You should be fine. I've made the recipe MANY times, it's a favourite (and it's cheap and quick) in our household (including a 3 year old). The heat of the pasta would definitely cook the egg, assuming you put it in fairly soon after draining. If you plonked it in without stirring then you'd find that it would solidify the eggs (check for yourself if you're still not sure) and then scramble them when you moved it.


----------



## mike9 (Jul 13, 2012)

If you are unsure you can temper your yolks & cream in a bowl over hot water just don't cook them.  I don't put cheese in my sauce it doesn't incorporate fully I add it after the pasta is mixed with the sauce and at the table.


----------



## jake t buds (May 27, 2013)

I mix the cheese with the eggs as well. It coats the noodles better and, in my experience, prevents the egg from scrambling if your pan is slightly too hot (the oil in the cheese dissipates the heat, but I could be making this up because it sounds good). I stick my finger in the pan/pasta after tossing everything together except the eggs. It I scream while doing this, it's too hot. If I can keep it there with no effect then it's too cold, but I do turn the flame off after getting to the right temp. As has been said, if you drain and toss the noodles immediately, you shouldn't have a problem. I've made this comfort food dish more times than I can remember and never got sick.


----------



## clove48 (Jun 23, 2012)

Enrico747 said:


> Pasta carbonara is one of our favorites. But I often cook for groups or dinner guests and I am a bit concerned about the way the recipe handles raw eggs. Does the warm pasta really cook the egg??
> 
> Any comments???


Enrico,

When the pasta comes out of the boiling water, it's at 200F or so.

If your egg, cheese and pepper mixture is ready to go, they will quickly cook at 180F or so and as tossed through, should cook to a safe temperature.

BTW, if you can buy eggs from a reputable famer, there should be no issue from under-cooked or raw eggs.


----------



## yeller (Mar 9, 2013)

You may want to try brown eggs since they have a richer flavor. I was planning on making this but spouse said didn't sound good. Whatever.. I was planning on adding pan seared scallops to it and use the bacon.


----------



## chefbuba (Feb 17, 2010)

Yeller said:


> You may want to try brown eggs since they have a richer flavor. I was planning on making this but spouse said didn't sound good. Whatever.. I was planning on adding pan seared scallops to it and use the bacon.


Don't know where you came up with that one, but it's false.

http://www.egglandsbest.com/eggspert/eggs/white-and-brown.aspx


----------



## michaelga (Jan 30, 2012)

Not to mention that in true blind (or coloured) taste testing ... people also couldn't tell the difference between farm fresh and mass produced. It's all in the colour.

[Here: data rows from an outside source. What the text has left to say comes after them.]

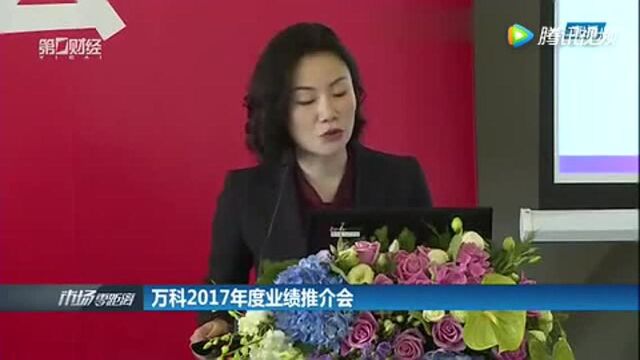 业绩发布会 业绩解读!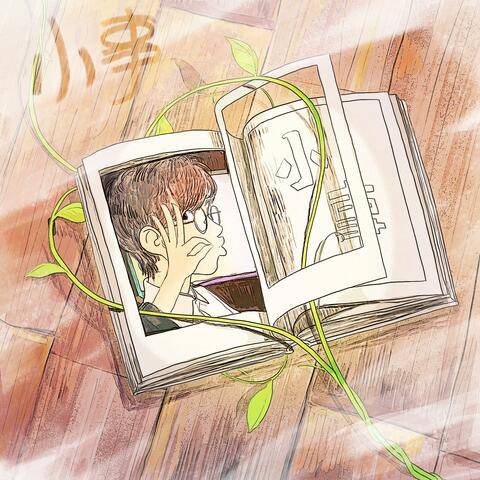 小事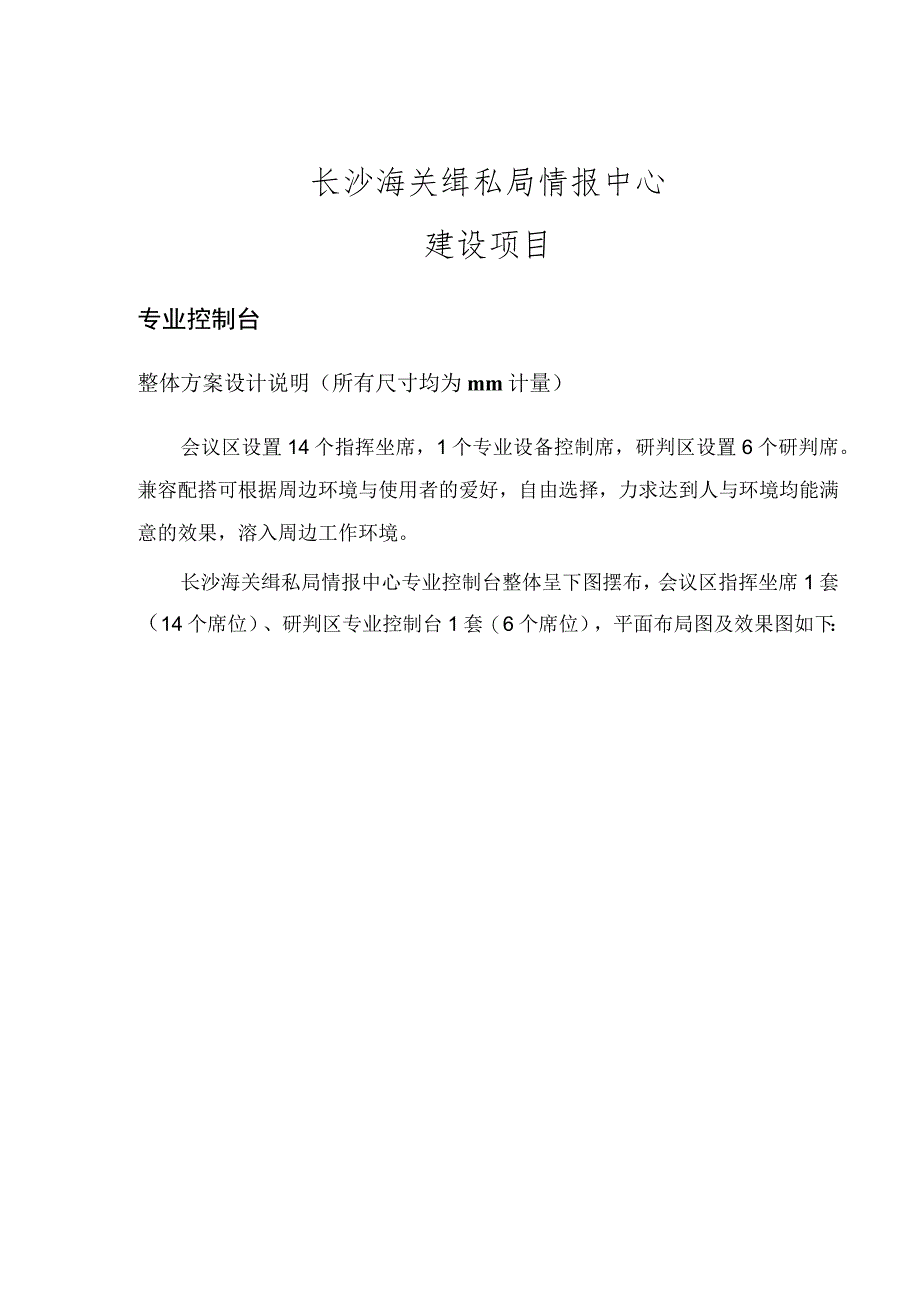 长沙海关缉私局情报中心建设项目.docx_第1页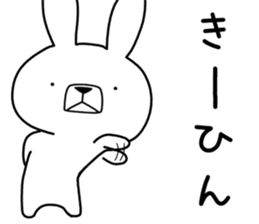 Dialect rabbit [kyoto] sticker #8940970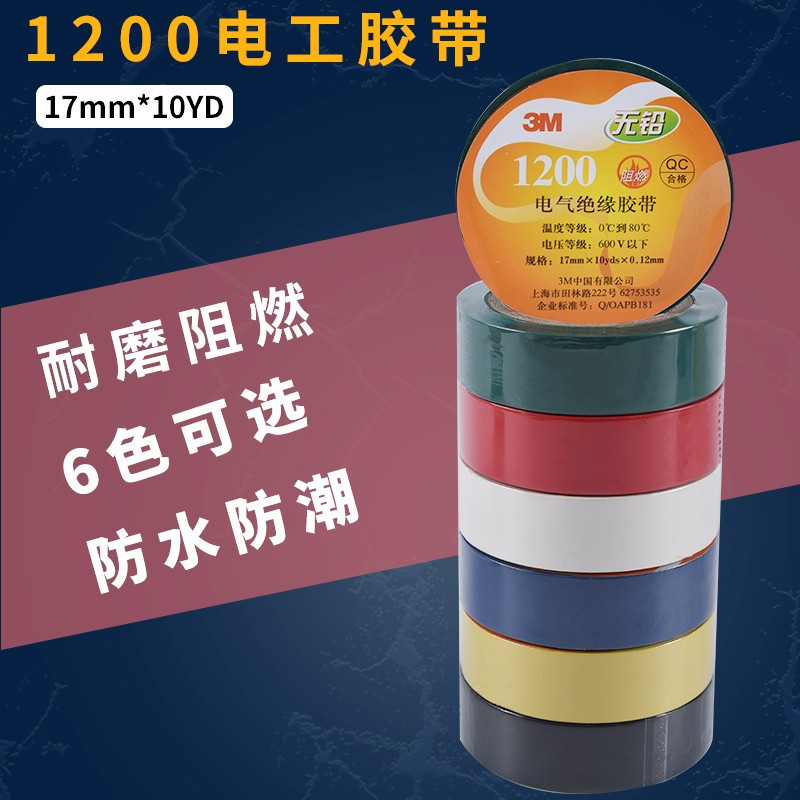 3M 电气绝缘胶带 1200# E 白色 300 17mm×10yds 1yd=1码=0.9144m 1卷.高清大图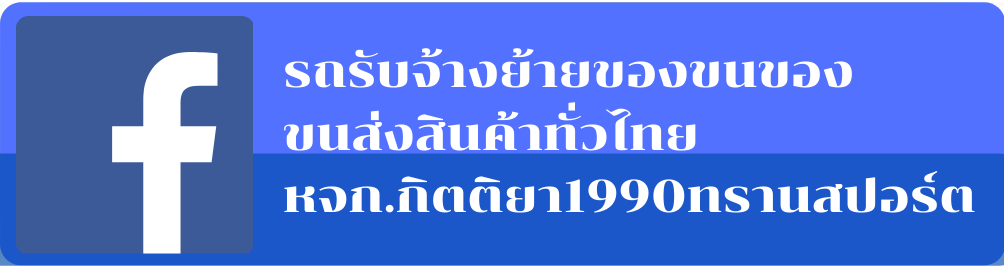Facebook กิตติยา 1990 ทรานสปอร์ต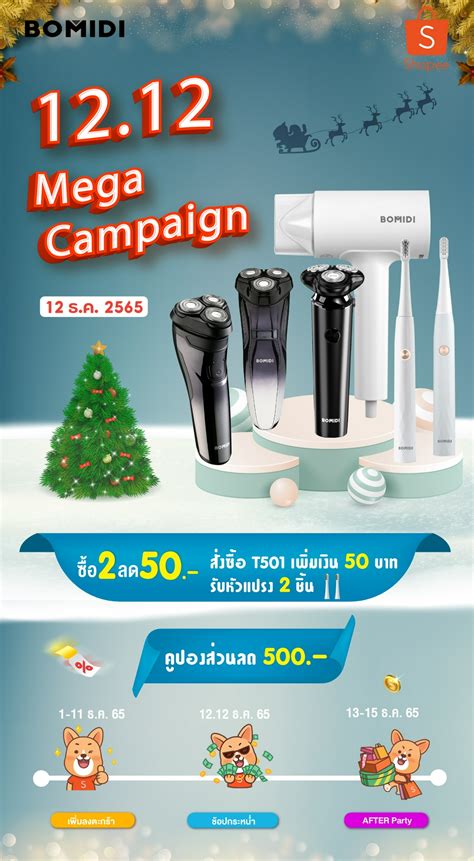 BOMIDI Official Store, ร้านค้าออนไลน์ | Shopee Thailand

http://www.seriouseats.com/2010/08/...mega-3s-grocery-store-brand-the-food-lab.html


----------



## dcarch (Jun 28, 2010)

A lot has changed since this thread was first posted.

Sous vide cooker was $1,000

Today a sous vide circulator can be less than $200.

Don't play games with food safety. A sous vide cooker can pprecisely  pasteurize your eggs.

dcarch


----------



## chefedb (Apr 3, 2010)

Are you for real? this has been proven to be an old wives tale

Hey all you  guys do not let any health dept. know you are not cooking egg fully, I don't care what state you are in.


----------



## yeller (Mar 9, 2013)

chefbuba said:


> Don't know where you came up with that one, but it's false.
> 
> http://www.egglandsbest.com/eggspert/eggs/white-and-brown.aspx


These are the same people off the street that can't tell Turkey from Chicken or Coke from Pepsi ...If you have the palete you can tell..


----------



## chefbuba (Feb 17, 2010)

I had a flock of about 20 chickens for several years, they free ranged around on about five acres. I had brown layers, white layers and easter eggers, they all tasted the same, great because of their diet.

In addition to their feed which included layer feed, sunflower seeds, corn & wheat they got fresh fruit & veggies, ate lots of bugs and what ever else they could come up with while out and about all day, sometimes even treats from the neighbors.

Brown eggs do not taste any better than white. Small flock free range eggs taste much better than any store bought egg, regardless of color and claims on the package of being cage free, those birds roam tightly packed  in a warehouse and are fed nothing but dry feed.


----------